Grazie al minuziosissimo lavoro di Giulia Ammannati, le
figure di Giotto e i versi latini che le accompagnano tracciano questo
quadro con una chiarezza che pareva impossibile, tale da innescare, c’è
da credere, nuove interpretazioni e ricerche, destinate a coinvolgere
l’intero ciclo della Cappella. Per citare solo qualche esempio, il
“metodo” dell’estensore dei tituli è esplicitato in quello di Karitas:
Hec figura Karitatis [cioè proprio quella lì dipinta] / sue sic
proprietatis / gerit formam, cioè viene rappresentata in modo aderente
alle sue caratteristiche morali.
Analogamente il titulus di
Fortitudo, mentre ne descrive atteggiamento e attributi, esplicita il
nesso con l’immagine: sicut est similitudo / depicta subtiliter.
L’attitudine di Ira che si strappa le vesti viene descritta come
aderente al suo significato morale: Vestis actus hic [cioè: in
quest’immagine] scissure / signant hoc [cioè che claritate rationis /
Ira privat hominem]. Patet hic Invidia [«ecco qui Invidia»], dichiara il
titulus relativo: e insomma le scritte, con quell’insistito hic, hec,
sicut est e così via, intendono richiamare l’osservatore a un puntuale
riscontro fra la personificazione rappresentata, i suoi attributi,
spesso descritti e spiegati uno per uno, e la “moralità” che deve
trarsene. Spe depicta sub figura / hoc signatur, quod…: da un lato la
figura o la forma, dall’altro quello che esse signant, cioè significano.

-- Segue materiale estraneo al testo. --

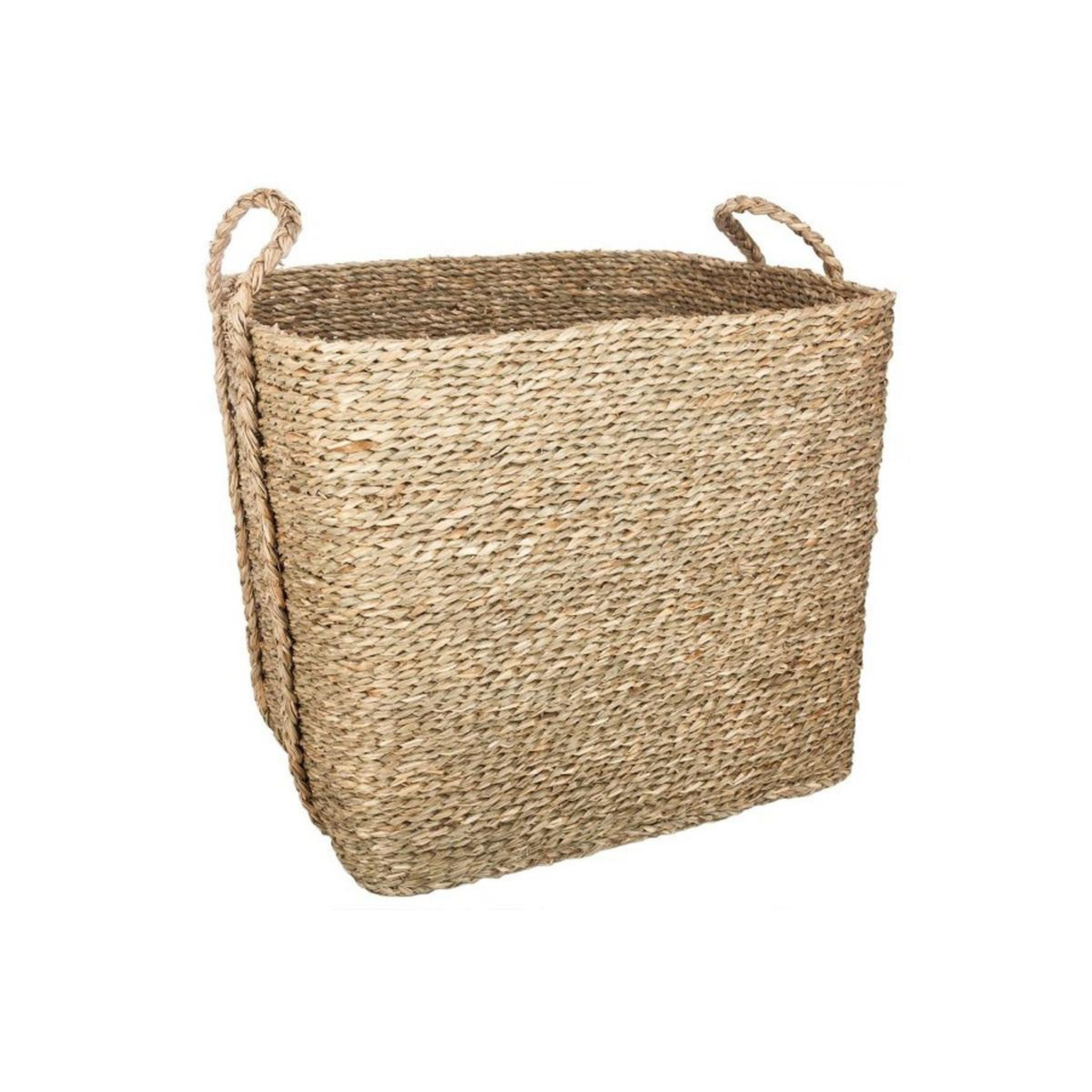 Voir la diapositive 2 : ATMOSPHERA Lot de 3 paniers de rangement à anses  seagrass  40cm naturel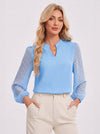 YUCOLEN Women's V Neck Chiffon Blouse with Lace Puff Sleeves Dressy Casual Work Tops in Blue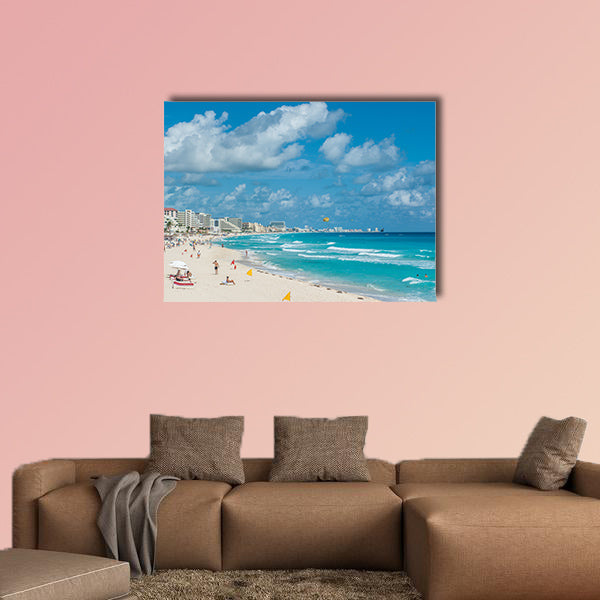 Cancun beach panorama, Mexico multi panel canvas wall art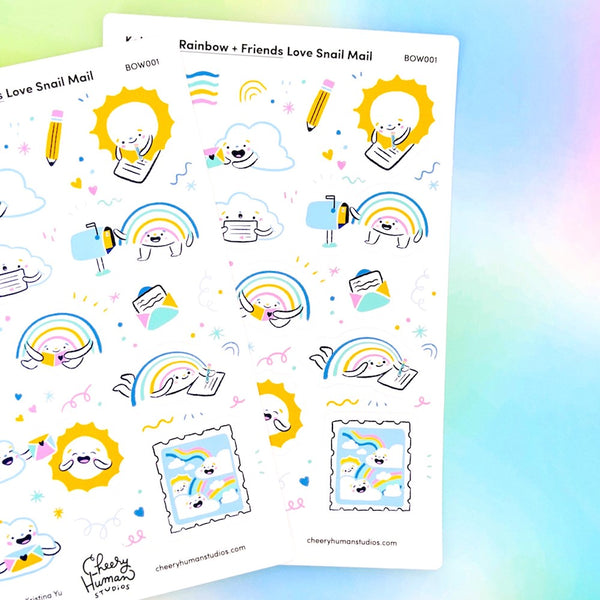 Koko the Rainbow & Friends: Snail Mail Sticker Set (2 Sticker Sheets & 4 Vinyl Stickers)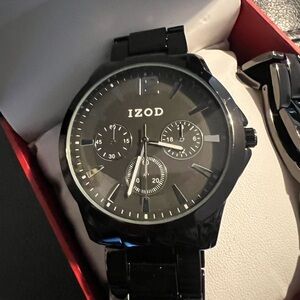 IZOD Sleek Black Multi-Dial Watch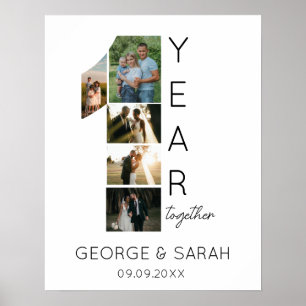 Affiche Un an ensemble Anniversaire Mariage 5 Photo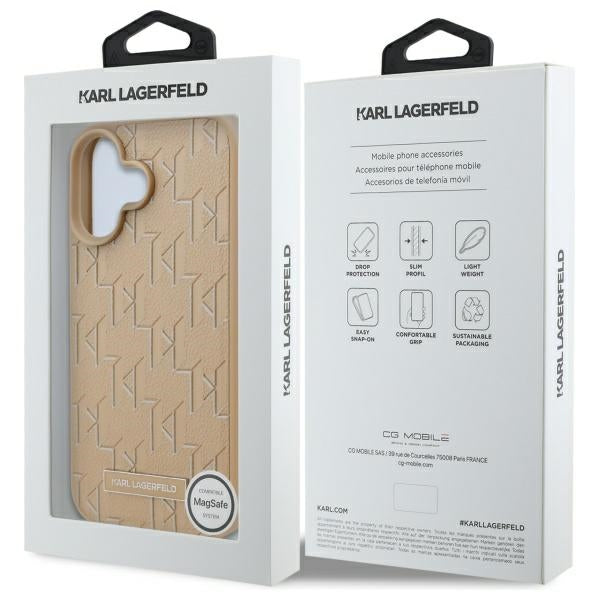 Etui MagSafe dla Apple iPhone 16, Karl Lagerfeld, Hot Stamp, Beżowy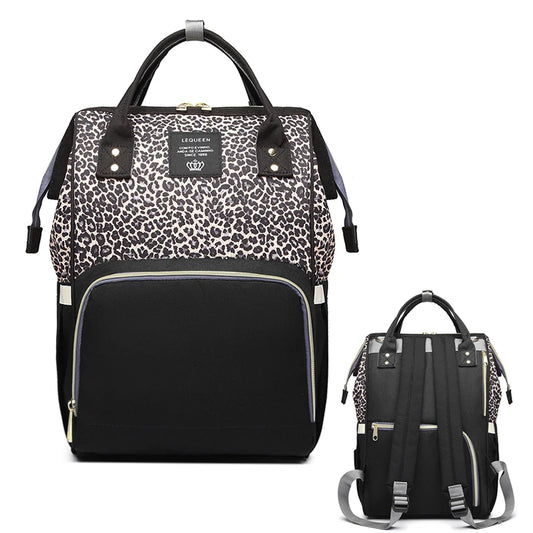 LEQUEEN Leopard Print Women Backpacks Multifunction Ladies Shoulder Backpack Large Capacity Mommy Bags Baby Changing Diaper Bags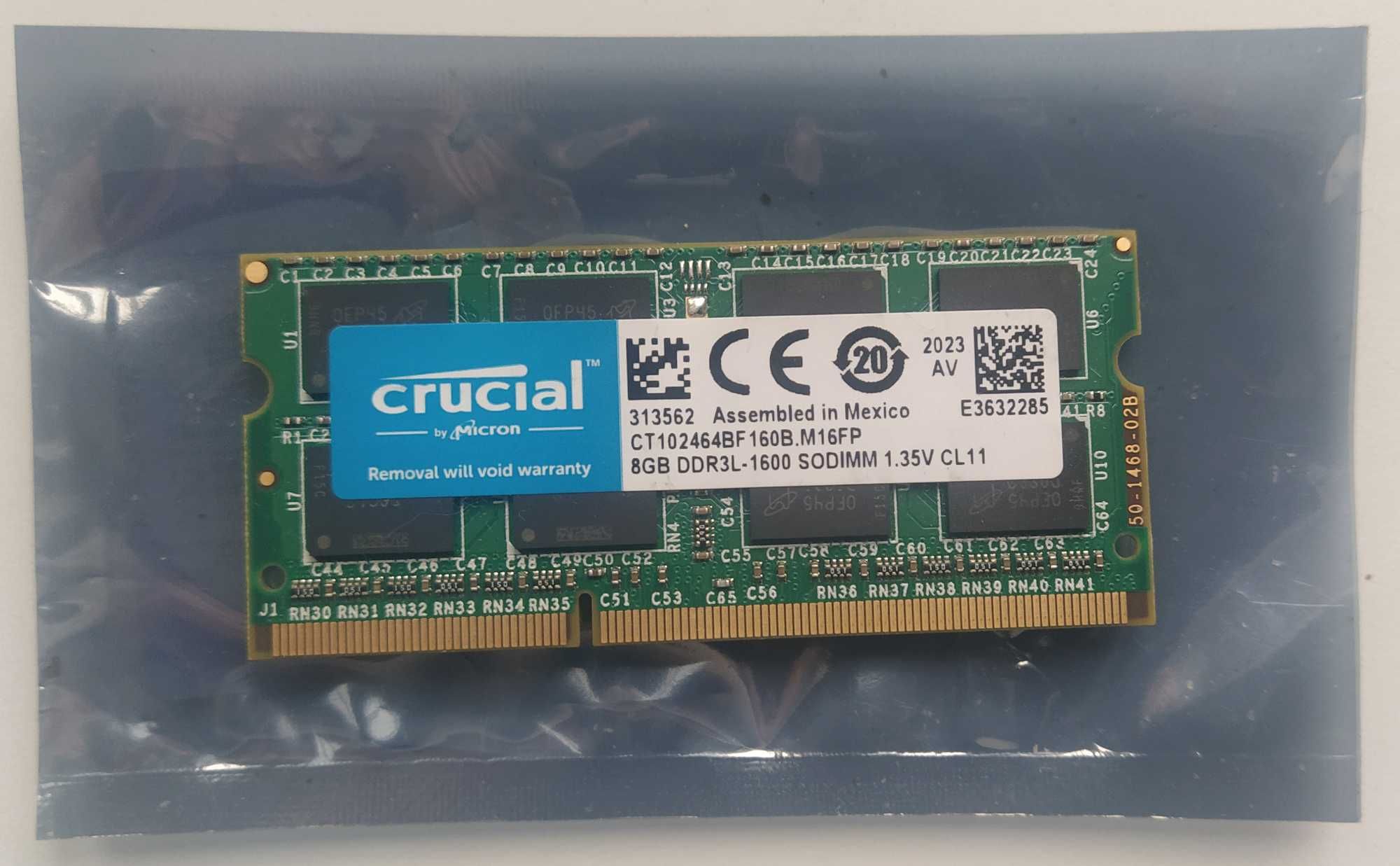 Модуль памяти 8GB SODIMM DDR3L CT102464BF160B.M16FP 1.35V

Nelle immagini complementari di Iusticia e Iniustitia, le sole dove
sotto la figura allegorica si disponga una sorta di predella, il titulus
ne dà piena ragione alludendo alle singole scenette, dal miles probus
che venatur (sotto Iusticia) agli homicidia che figunt spolia all’ombra
di Iniustitia; e ancora (ultimo esempio) dal titulus di Prudentia si ha
conferma che la figura fu concepita con due volti, uno dei quali
orientato all’indietro, ma si ricava anche la precisa indicazione degli
attributi significanti come lo specchio e il compasso. In questo dialogo
tra il poeta e il frescante, che agiscono entrambi in nome e per conto
del committente, tra testi e immagini non c’è gerarchia, ma piena
complementarietà. Perciò l’estensore dei tituli espressamente sigilla le
scelte del pittore elogiandone la subtilitas (nel dipingere Fortitudo),
e ancor di più l’industria docte mentis che lo guidò nel comporre
(pinxit) la figura di Invidia, tanto ricca di attributi. Allusione,
quest’ultima, al frequente topos della docta manus degli artefici,
richiamato ad esempio nel Battistero di Pisa per la tam bene docta manus
di Nicola Pisano (1260). Insomma, la doctrina di Giotto non è in nulla
inferiore a quella di chi ne commenta le immagini in un latino a suo
modo ricercato.
Che un’indagine essenzialmente paleografica (ma
anche metrica e letteraria) come questa debba a pieno titolo integrarsi
nella storia dell’arte e nell’interpretazione degli affreschi di Giotto,
non c’è bisogno di mostrare. Vorremmo sapere di più su chi scrisse quei
versi, vorremmo ascoltare – se mai fosse possibile – il suo discorrerne
con Enrico Scrovegni e col grandissimo maestro toscano, via via che
l’uno dipingeva e l’altro componeva, variando il metro, i suoi versi;
vorremmo guardare i padovani che, accorsi in processione il giorno
dell’Annunciazione di ogni anno (25 marzo), si raccoglievano nella
Cappella. Ma questo contrasto fra i Vizi e le Virtù, che lascia
intravedere la città con le sue tensioni sociali e politiche, ci basta a
dire che (nonostante l’opposizione degli Eremitani) davvero Enrico
Scrovegni aveva edificato la sua parva ecclesia non solo in remedium
suae animae, ma soprattutto in honorem et bonum statum civitatis et
communis Paduae (così in un atto nota rile del 1317).